In her forthcoming book, Doctors Orders: The Making of Status Hierarchies in an Elite Profession (Columbia University Press; expected summer 2020), Jenkins examines the construction and consequences of status distinctions between physicians-in-training. Her next book will focus on the burnout epidemic in medicine, and she will explore what it is about the medical profession that is making so many doctors sick.

Her research has been funded by the National Science Foundation, the Canadian Institutes of Health Research, the International Association of Medical Science Educators, as well as the Social Sciences and Humanities Research Council of Canada and has appeared in the Journal of Health and Social BehaviorSocial Science & Medicine, and the Journal of General Internal Medicine, among others. She has also received several awards, including the 2017 Roberta G. Simmons Outstanding Dissertation in Medical Sociology Award from the American Sociological Association.

Alexandrea Ravenelle studies the lived experience of gig economy workers, entrepreneurship, and the outsourcing of risk from platforms to workers. Recently awarded an Ewing Marion Kauffman Foundation Knowledge Challenge grant, Ravenelle is currently working on her next project, After the Hustle, that examines the impact of high-status gig work and sudden platform closings on gig economy entrepreneurs.

Her first book, Hustle and Gig: Struggling and Surviving in the Sharing Economy, was published by the University of California Press in March 2019. In Hustle and Gig, she argues that the sharing economy upends generations of workplace protections such as worker safety; workplace protections around discrimination and sexual harassment; the right to unionize; and the right to redress for injuries. Ravenelle’s recent media coverage includes NPR Morning Edition; NPR On-Point, Forbes; The Young Turks; Yahoo! Finance video; Quartz; MTV News; The New RepublicSan Francisco Chronicle; The Daily Beast;  The John Fuselsang Show; The Outline; Axios; Bankrate.com; ElConfidencial.com; ThePennyHoarder.com; USA Today; and Harvard Political Review. 

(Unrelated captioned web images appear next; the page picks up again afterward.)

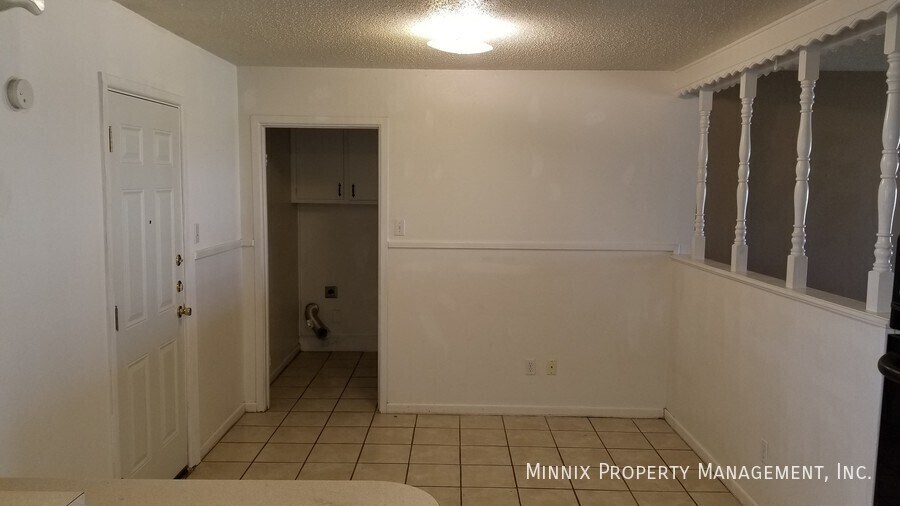Building Photo - 5433 6th St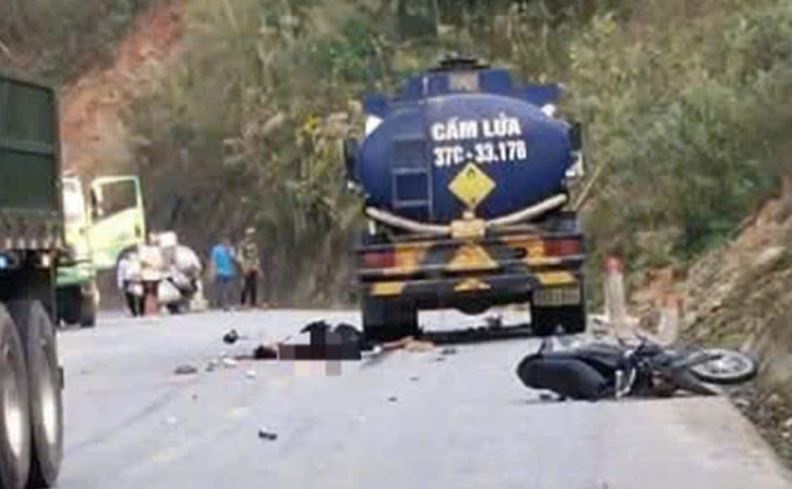 Tong trung xe bon cho xang, hai thanh nien tu vong hinh anh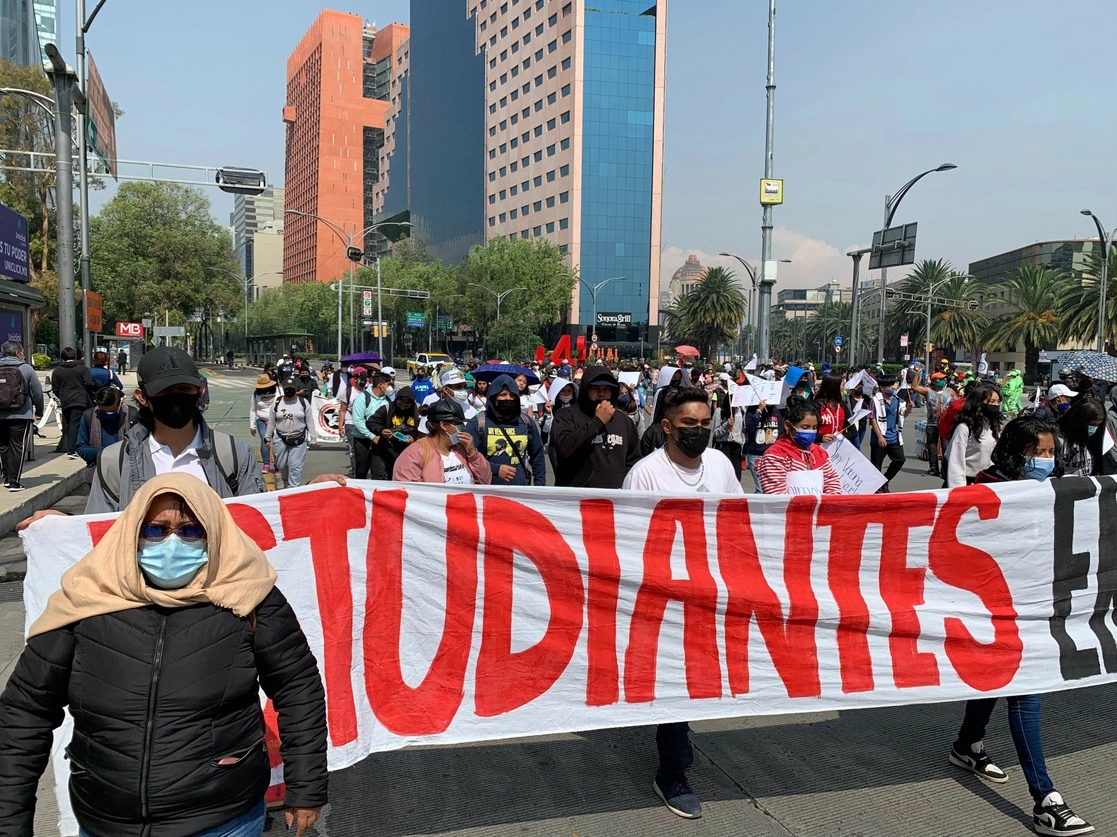Protesta de estudiantes que exigen ser vacunados para poder regresar a clases. Foto Alfredo Domínguez/ archivo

Ravenelle earned her PhD in Sociology from the CUNY Graduate Center in New York and her MA in Sociology and BA in Interdisciplinary Studies from the University of Missouri. Her recent peer-reviewed papers have been published Regions, Economy and SocietyJournal of Managerial Psychology; and Consumption Markets and Culture. Ravenelle has also had excerpts from her research featured on Wired.com and Medium.com and published an op/ed in The New York Times on sexual harassment and assault in the gig economy.

Jessica Houston Su joins UNC as an Assistant Professor of Sociology and faculty fellow at the Carolina Population Center. As a family demographer, she uses a sociological lens and quantitative analytic techniques to examine social patterns of family formation in the United States and how they are related to the health and well-being of parents and children. Her research contributes to the sociological literature in families, health, inequality, work, and demography.

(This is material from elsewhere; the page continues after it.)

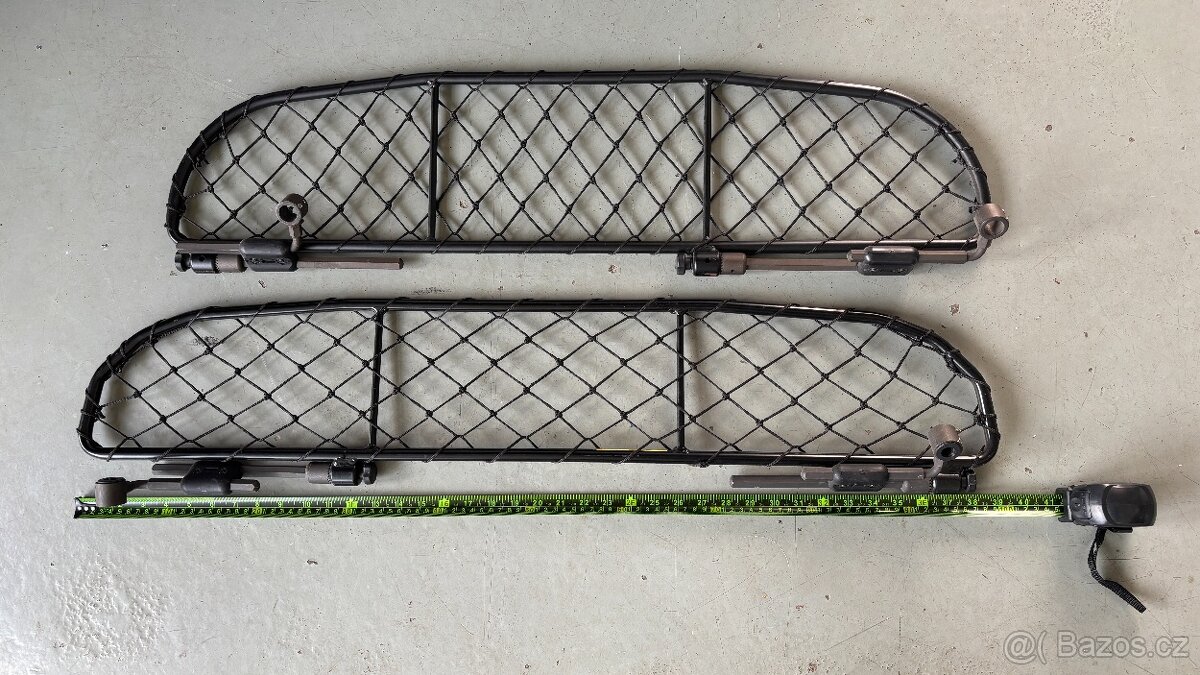 Dělící mříž do auta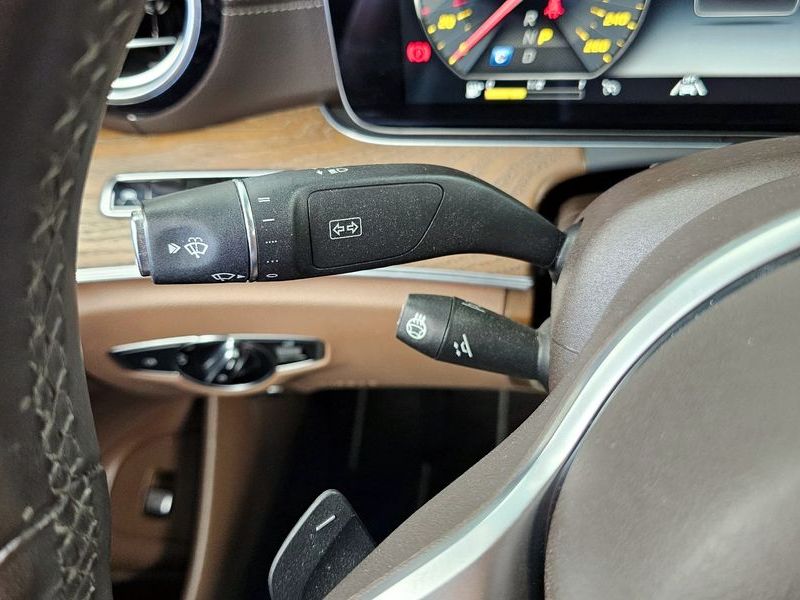2020 Mercedes-Benz E-Class E220d 4MATIC Exclusive photo 29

One stream of her research examines the causes and consequences of unintended and nonmarital fertility. For example, she examines how both contextual and individual economic resources shape patterns of unintended childbearing. She also examines the short- and long-term implications of unintended childbearing for the mental health of parents and children. Another stream of research examines how nonstandard work schedules are related to the well-being of working mothers and their young children.

Her research appears in peer-reviewed journals such as Demography, the Journal of Marriage and Family, and the Journal of Health and Social Behavior. She received her Ph.D. in Sociology from Cornell University and her B.A. in Sociology from Dartmouth College. Before coming to Carolina, she was an assistant professor of sociology at the University at Buffalo.